Second, they need to think about how they’re going to tell the story of the investments they’re making. Opportunities like this one don’t come around often. Residents will want to know how their local leaders are making the most of it.
Bloomberg Cities wants to know, too. We’ll keep following the story of how cities are spending these federal dollars and will continue reporting back with new insights and trends.
Read more on the American Rescue Plan Act:
- Answers to questions from city leaders
- How cities are using data to build their spending plans
- Using federal funds to build innovation capacity
*The municipal funding allocation for Alexandria, Va., is $28.67M. The city’s congressional delegation successfully petitioned the U.S. Department of Treasury to also award county funding due to its status as an independent city. The combined $59.63M total is displayed here.
**The municipal funding allocation for Hartford, Conn., is $88.5M. The city confirms that the state is passing on what would have been county ARP funding directly to municipalities. The combined $112.00M total is displayed here.
Bloomberg Cities analyzed the American Rescue Plan spending plans of 20 U.S. cities, using the most current, publicly available frameworks as of November 24, 2021. Using the primary characteristics of each item in these plans, we summarized allocation decisions into five major categories as follows:
Economic Development & Revitalization, which includes initiatives such as business support, digital infrastructure, tourism and hospitality, and workforce development.
Municipal Services & Operations, which includes initiatives such as municipal infrastructure, provision of government services, administrative expenses, and revenue replacement.

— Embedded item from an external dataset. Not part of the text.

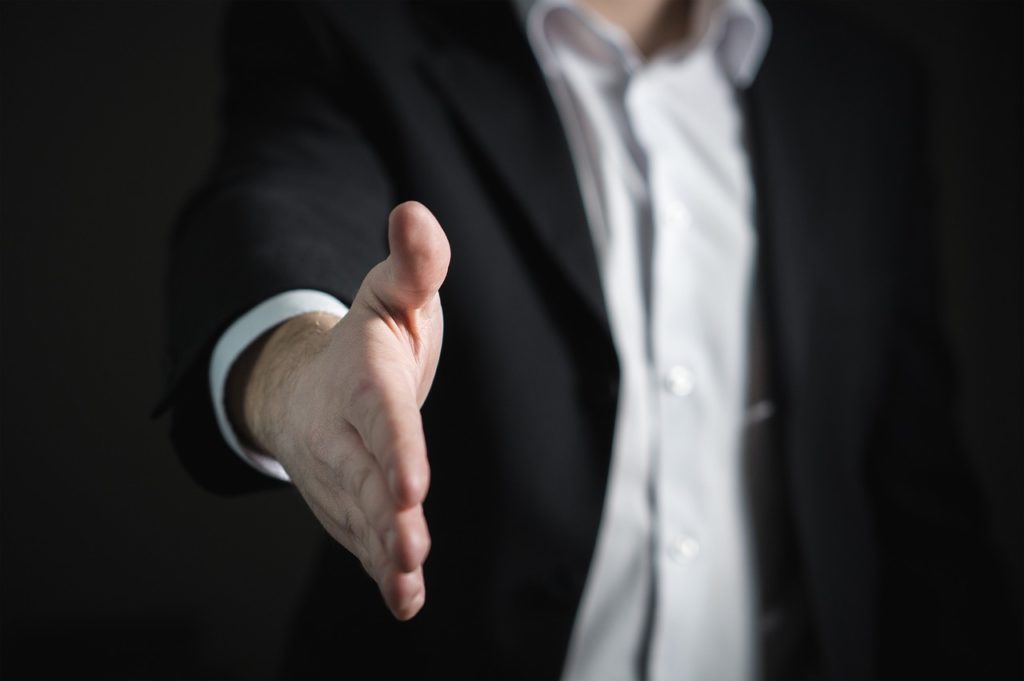 A person offering a handshake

Housing, Family & Individual Basic Needs, which includes initiatives related to food sustainability and equity, household and family support, housing and homelessness, and youth education.

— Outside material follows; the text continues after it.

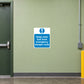 Safety Sign Sticker applied in a smooth pale green wall by a rear workshop emergency escape door, clear route below and door frame extreme left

Public Health & Safety, which includes COVID-19 mitigation, public safety violence prevention, and physical/mental health.
Community & Culture, which includes initiatives such as arts and culture, community service and support, and recreation.
Cities chose many approaches to categorizing their projects. In cases of category ambiguity or activities that met multiple category criteria, we worked to infer the primary intention of each spending decision through the context of the original plan text.
The balance of funds from the city’s total ARP allocation that weren’t itemized in the public plans fall into the category of “Not Yet Allocated.” Many cities have only presented plans for their first tranche of funding and others are still undertaking planning activities. Based on our research, we have concluded that no judgment should be assigned to the absence of a complete plan for ARP spending.